§ PROBLEM STATEMENT: For every entry below, give it back exactly and leave out any image.

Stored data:

# # #

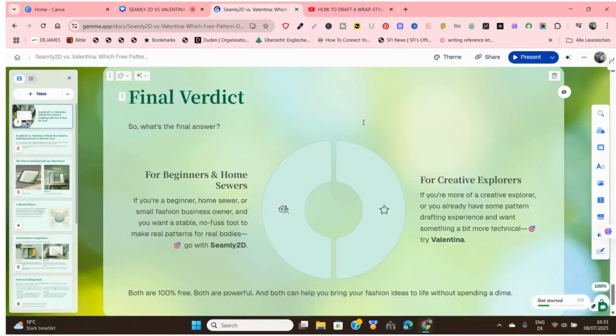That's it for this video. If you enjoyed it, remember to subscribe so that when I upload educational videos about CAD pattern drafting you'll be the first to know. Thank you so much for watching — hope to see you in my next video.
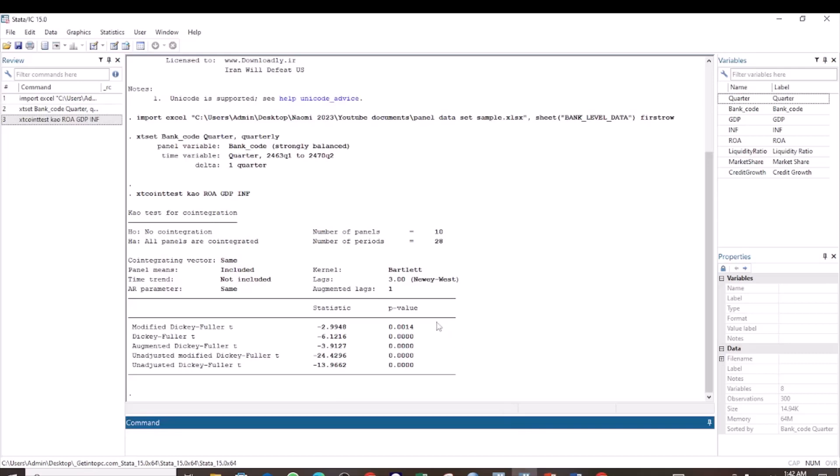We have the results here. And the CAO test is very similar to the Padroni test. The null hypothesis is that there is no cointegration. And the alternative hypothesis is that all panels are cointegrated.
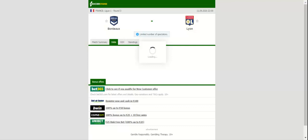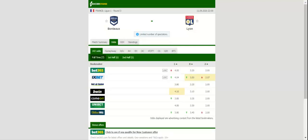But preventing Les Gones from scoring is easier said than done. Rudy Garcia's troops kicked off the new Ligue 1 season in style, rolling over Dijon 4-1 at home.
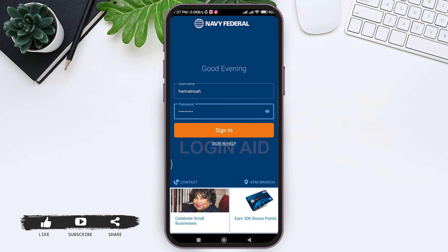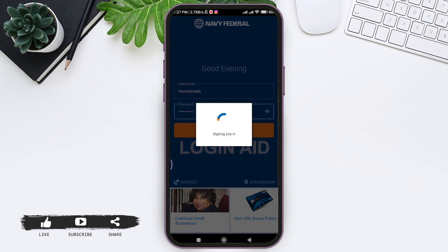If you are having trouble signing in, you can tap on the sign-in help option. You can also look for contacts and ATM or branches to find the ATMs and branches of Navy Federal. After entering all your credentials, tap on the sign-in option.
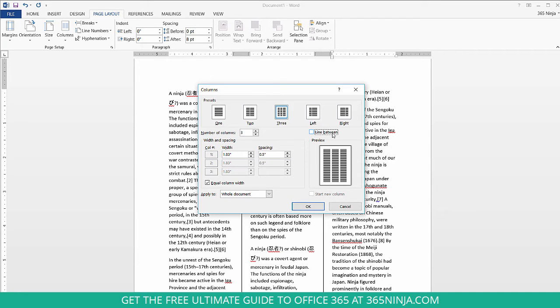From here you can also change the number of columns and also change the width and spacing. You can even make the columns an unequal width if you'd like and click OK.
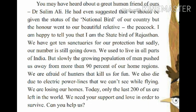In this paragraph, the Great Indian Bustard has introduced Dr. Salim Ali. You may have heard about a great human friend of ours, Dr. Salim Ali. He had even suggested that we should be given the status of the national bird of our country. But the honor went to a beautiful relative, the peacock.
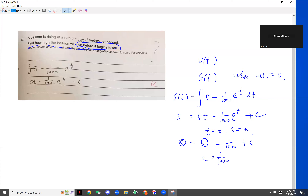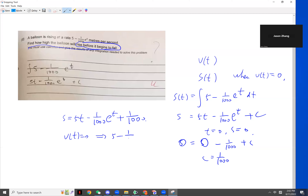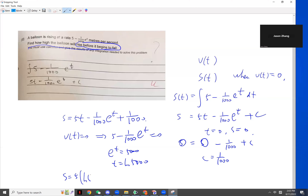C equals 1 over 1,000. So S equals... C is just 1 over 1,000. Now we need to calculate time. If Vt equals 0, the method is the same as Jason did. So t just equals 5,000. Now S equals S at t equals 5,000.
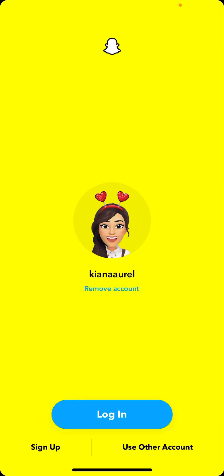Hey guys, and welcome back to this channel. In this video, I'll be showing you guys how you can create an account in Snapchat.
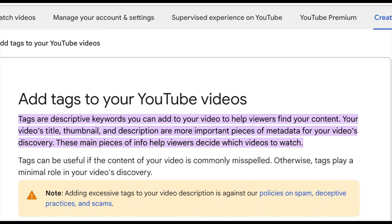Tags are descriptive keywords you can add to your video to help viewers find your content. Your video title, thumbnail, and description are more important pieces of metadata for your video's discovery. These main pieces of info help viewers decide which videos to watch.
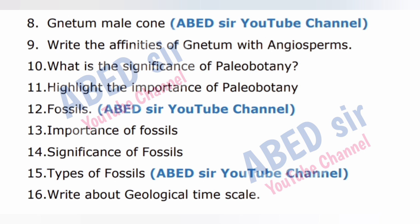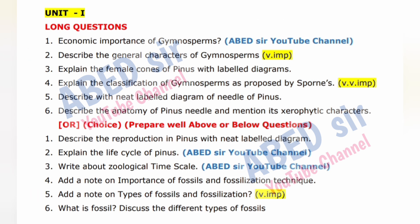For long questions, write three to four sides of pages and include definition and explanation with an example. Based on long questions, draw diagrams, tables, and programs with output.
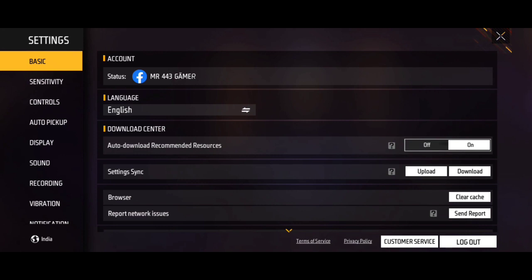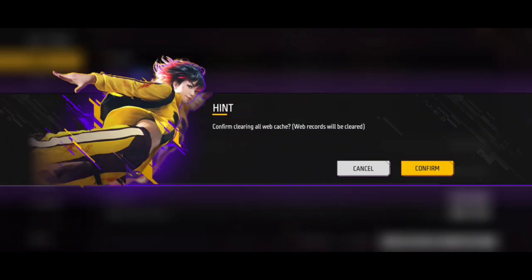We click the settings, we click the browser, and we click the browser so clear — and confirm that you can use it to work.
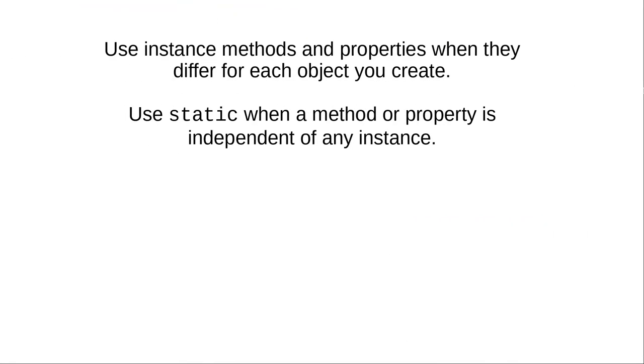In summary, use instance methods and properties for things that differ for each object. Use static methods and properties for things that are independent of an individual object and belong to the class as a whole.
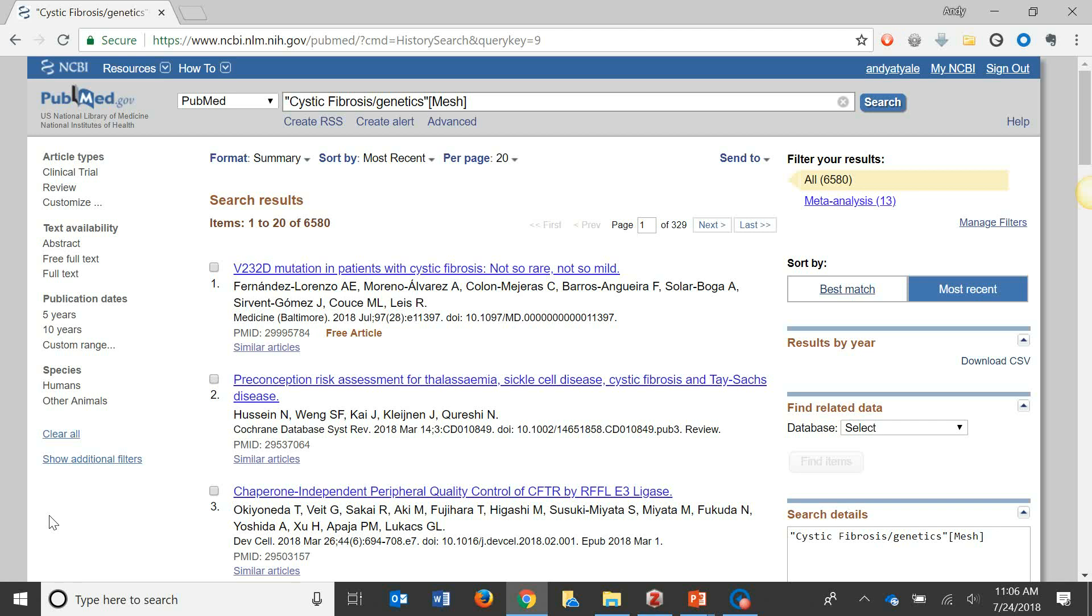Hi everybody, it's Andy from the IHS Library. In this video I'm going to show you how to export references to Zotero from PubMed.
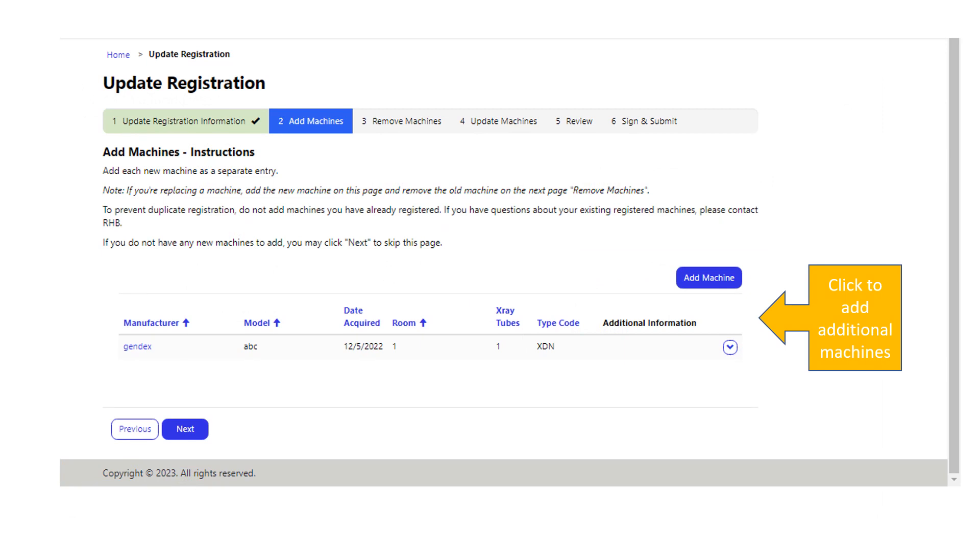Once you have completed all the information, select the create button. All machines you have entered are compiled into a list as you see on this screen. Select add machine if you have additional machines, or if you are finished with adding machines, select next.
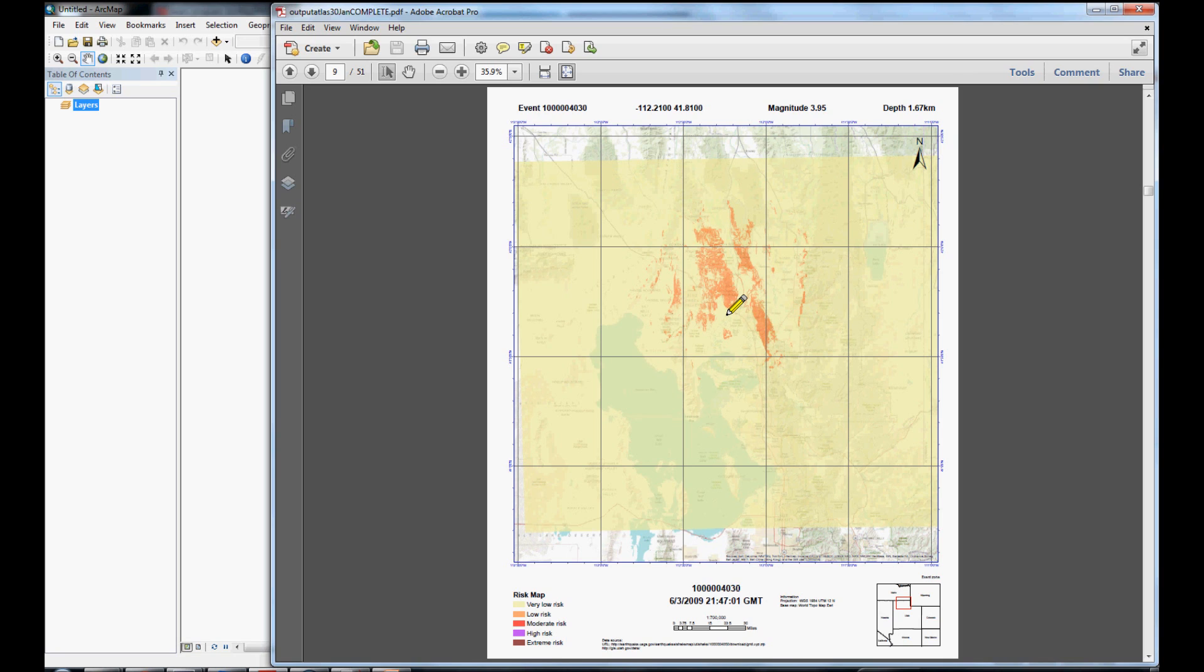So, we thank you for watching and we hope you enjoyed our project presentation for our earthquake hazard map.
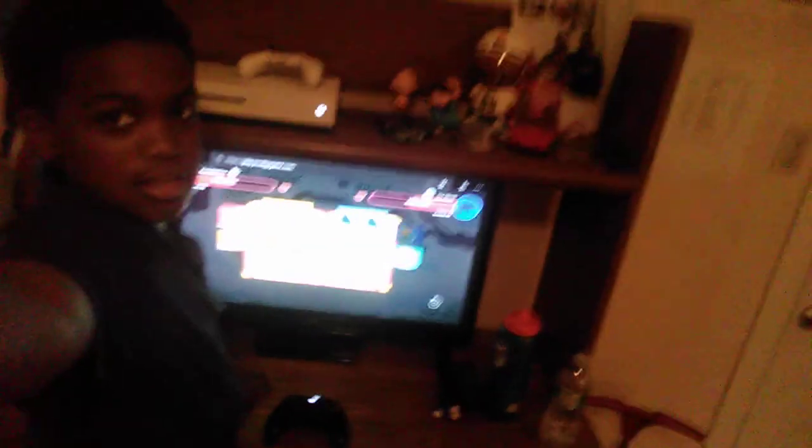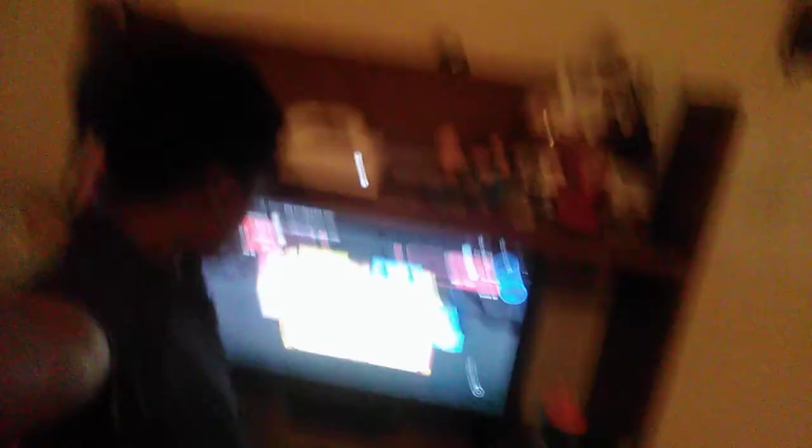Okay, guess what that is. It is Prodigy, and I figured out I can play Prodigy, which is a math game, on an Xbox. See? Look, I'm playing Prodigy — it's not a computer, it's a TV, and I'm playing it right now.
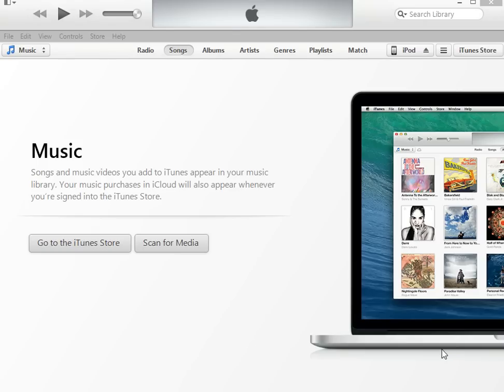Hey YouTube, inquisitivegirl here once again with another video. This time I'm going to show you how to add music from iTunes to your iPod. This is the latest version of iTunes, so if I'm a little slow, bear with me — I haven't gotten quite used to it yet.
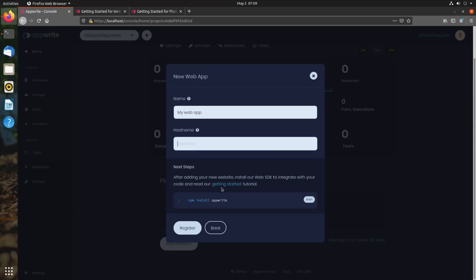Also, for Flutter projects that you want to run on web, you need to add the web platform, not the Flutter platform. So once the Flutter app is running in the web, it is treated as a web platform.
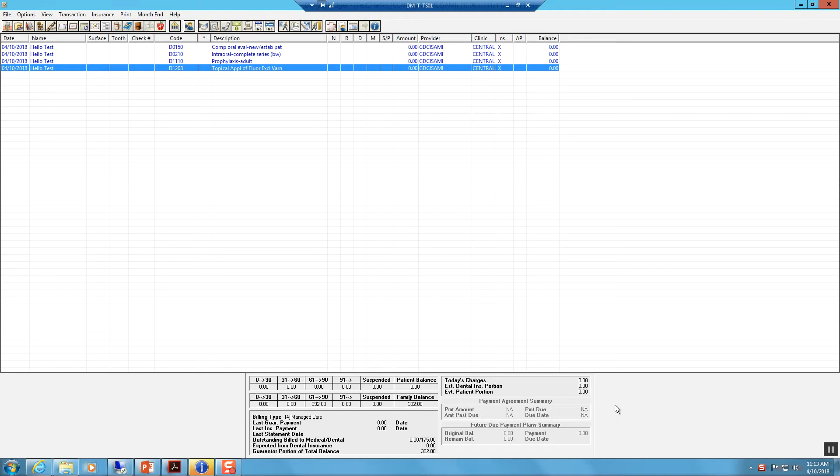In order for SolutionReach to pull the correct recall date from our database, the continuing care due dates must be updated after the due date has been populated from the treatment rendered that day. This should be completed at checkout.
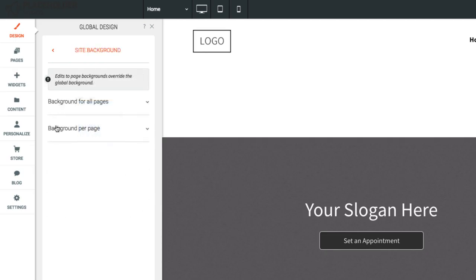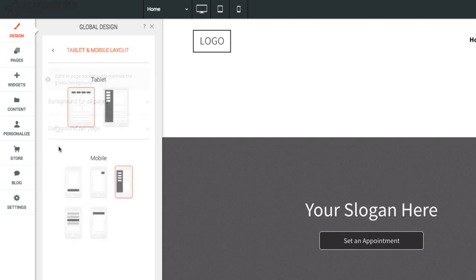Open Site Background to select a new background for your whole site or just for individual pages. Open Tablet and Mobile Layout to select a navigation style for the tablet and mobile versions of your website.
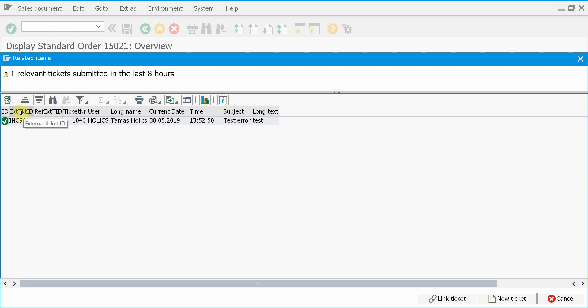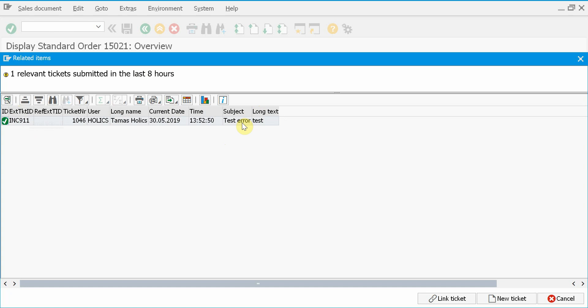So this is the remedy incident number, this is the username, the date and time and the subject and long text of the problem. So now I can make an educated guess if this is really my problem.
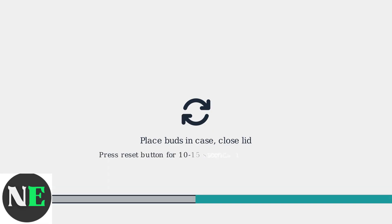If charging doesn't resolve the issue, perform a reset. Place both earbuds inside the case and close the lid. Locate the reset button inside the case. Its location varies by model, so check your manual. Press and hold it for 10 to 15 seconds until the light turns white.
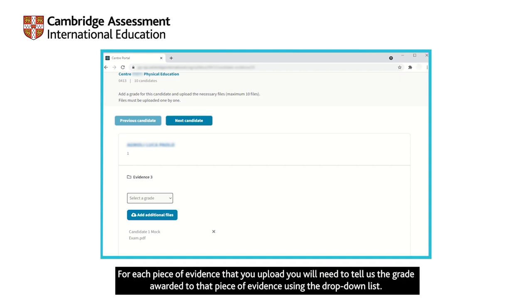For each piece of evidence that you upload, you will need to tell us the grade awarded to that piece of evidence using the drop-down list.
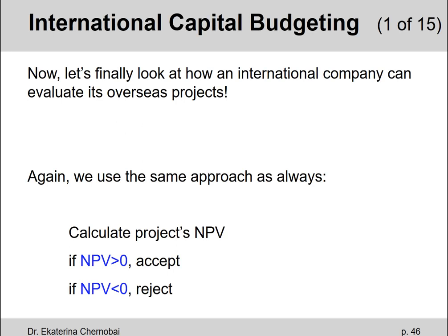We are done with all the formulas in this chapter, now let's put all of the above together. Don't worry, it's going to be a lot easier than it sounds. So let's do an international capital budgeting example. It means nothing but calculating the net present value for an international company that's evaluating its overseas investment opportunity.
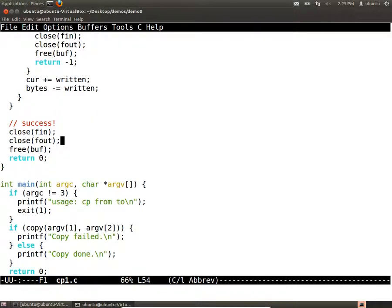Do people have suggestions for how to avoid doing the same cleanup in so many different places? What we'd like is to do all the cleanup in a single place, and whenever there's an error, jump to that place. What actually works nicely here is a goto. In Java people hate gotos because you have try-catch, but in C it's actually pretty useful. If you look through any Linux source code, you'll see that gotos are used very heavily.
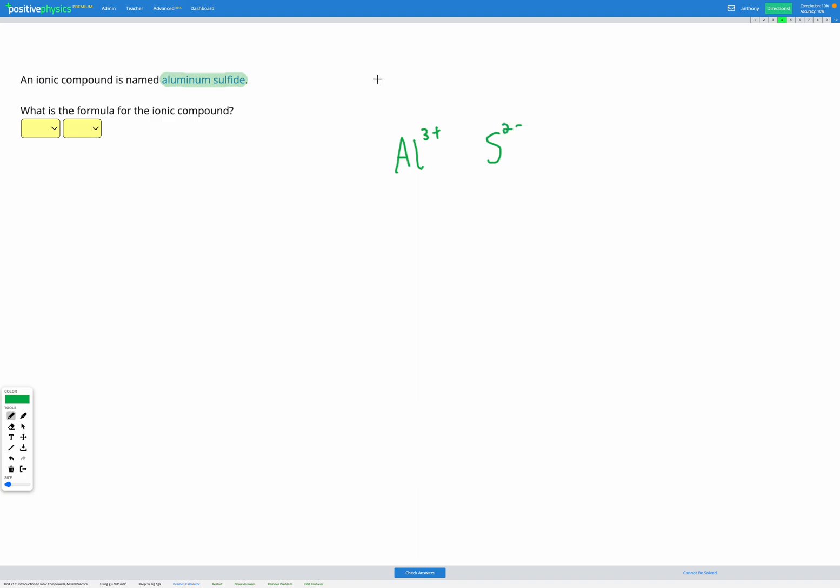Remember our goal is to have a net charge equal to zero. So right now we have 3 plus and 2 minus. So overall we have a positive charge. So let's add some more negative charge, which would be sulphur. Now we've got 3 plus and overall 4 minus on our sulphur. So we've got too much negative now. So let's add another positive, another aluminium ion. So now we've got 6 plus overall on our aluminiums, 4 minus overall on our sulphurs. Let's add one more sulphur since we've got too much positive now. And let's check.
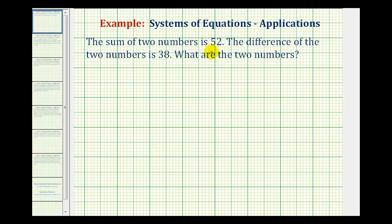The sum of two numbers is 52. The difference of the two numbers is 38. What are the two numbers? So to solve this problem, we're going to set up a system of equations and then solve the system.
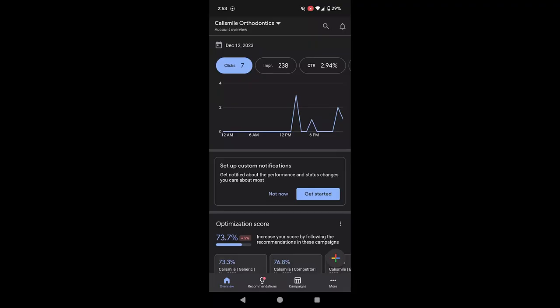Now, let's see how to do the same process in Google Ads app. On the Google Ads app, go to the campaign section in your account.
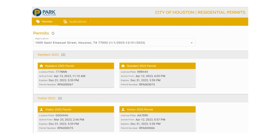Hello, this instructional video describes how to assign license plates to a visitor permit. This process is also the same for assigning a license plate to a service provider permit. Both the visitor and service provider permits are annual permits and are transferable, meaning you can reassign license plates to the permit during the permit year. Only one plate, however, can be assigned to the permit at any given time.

# # #

§ EXERCISE OUTPUT:
That's it for this video. If you enjoyed it, remember to subscribe so that when I upload educational videos about CAD pattern drafting you'll be the first to know. Thank you so much for watching — hope to see you in my next video.
We have the results here. And the CAO test is very similar to the Padroni test. The null hypothesis is that there is no cointegration. And the alternative hypothesis is that all panels are cointegrated.
But preventing Les Gones from scoring is easier said than done. Rudy Garcia's troops kicked off the new Ligue 1 season in style, rolling over Dijon 4-1 at home.
If you are having trouble signing in, you can tap on the sign-in help option. You can also look for contacts and ATM or branches to find the ATMs and branches of Navy Federal. After entering all your credentials, tap on the sign-in option.
From here you can also change the number of columns and also change the width and spacing. You can even make the columns an unequal width if you'd like and click OK.
In this paragraph, the Great Indian Bustard has introduced Dr. Salim Ali. You may have heard about a great human friend of ours, Dr. Salim Ali. He had even suggested that we should be given the status of the national bird of our country. But the honor went to a beautiful relative, the peacock.
C equals 1 over 1,000. So S equals... C is just 1 over 1,000. Now we need to calculate time. If Vt equals 0, the method is the same as Jason did. So t just equals 5,000. Now S equals S at t equals 5,000.
Hey guys, and welcome back to this channel. In this video, I'll be showing you guys how you can create an account in Snapchat.
Tags are descriptive keywords you can add to your video to help viewers find your content. Your video title, thumbnail, and description are more important pieces of metadata for your video's discovery. These main pieces of info help viewers decide which videos to watch.
For long questions, write three to four sides of pages and include definition and explanation with an example. Based on long questions, draw diagrams, tables, and programs with output.
We click the settings, we click the browser, and we click the browser so clear — and confirm that you can use it to work.
In summary, use instance methods and properties for things that differ for each object. Use static methods and properties for things that are independent of an individual object and belong to the class as a whole.
Hi everybody, it's Andy from the IHS Library. In this video I'm going to show you how to export references to Zotero from PubMed.
Once you have completed all the information, select the create button. All machines you have entered are compiled into a list as you see on this screen. Select add machine if you have additional machines, or if you are finished with adding machines, select next.
So, we thank you for watching and we hope you enjoyed our project presentation for our earthquake hazard map.
Okay, guess what that is. It is Prodigy, and I figured out I can play Prodigy, which is a math game, on an Xbox. See? Look, I'm playing Prodigy — it's not a computer, it's a TV, and I'm playing it right now.
Hey YouTube, inquisitivegirl here once again with another video. This time I'm going to show you how to add music from iTunes to your iPod. This is the latest version of iTunes, so if I'm a little slow, bear with me — I haven't gotten quite used to it yet.
Also, for Flutter projects that you want to run on web, you need to add the web platform, not the Flutter platform. So once the Flutter app is running in the web, it is treated as a web platform.
In order for SolutionReach to pull the correct recall date from our database, the continuing care due dates must be updated after the due date has been populated from the treatment rendered that day. This should be completed at checkout.
Open Site Background to select a new background for your whole site or just for individual pages. Open Tablet and Mobile Layout to select a navigation style for the tablet and mobile versions of your website.
So this is the remedy incident number, this is the username, the date and time and the subject and long text of the problem. So now I can make an educated guess if this is really my problem.
If charging doesn't resolve the issue, perform a reset. Place both earbuds inside the case and close the lid. Locate the reset button inside the case. Its location varies by model, so check your manual. Press and hold it for 10 to 15 seconds until the light turns white.
For each piece of evidence that you upload, you will need to tell us the grade awarded to that piece of evidence using the drop-down list.
We are done with all the formulas in this chapter, now let's put all of the above together. Don't worry, it's going to be a lot easier than it sounds. So let's do an international capital budgeting example. It means nothing but calculating the net present value for an international company that's evaluating its overseas investment opportunity.
Do people have suggestions for how to avoid doing the same cleanup in so many different places? What we'd like is to do all the cleanup in a single place, and whenever there's an error, jump to that place. What actually works nicely here is a goto. In Java people hate gotos because you have try-catch, but in C it's actually pretty useful. If you look through any Linux source code, you'll see that gotos are used very heavily.
Remember our goal is to have a net charge equal to zero. So right now we have 3 plus and 2 minus. So overall we have a positive charge. So let's add some more negative charge, which would be sulphur. Now we've got 3 plus and overall 4 minus on our sulphur. So we've got too much negative now. So let's add another positive, another aluminium ion. So now we've got 6 plus overall on our aluminiums, 4 minus overall on our sulphurs. Let's add one more sulphur since we've got too much positive now. And let's check.
The sum of two numbers is 52. The difference of the two numbers is 38. What are the two numbers? So to solve this problem, we're going to set up a system of equations and then solve the system.
Now, let's see how to do the same process in Google Ads app. On the Google Ads app, go to the campaign section in your account.
Hello, this instructional video describes how to assign license plates to a visitor permit. This process is also the same for assigning a license plate to a service provider permit. Both the visitor and service provider permits are annual permits and are transferable, meaning you can reassign license plates to the permit during the permit year. Only one plate, however, can be assigned to the permit at any given time.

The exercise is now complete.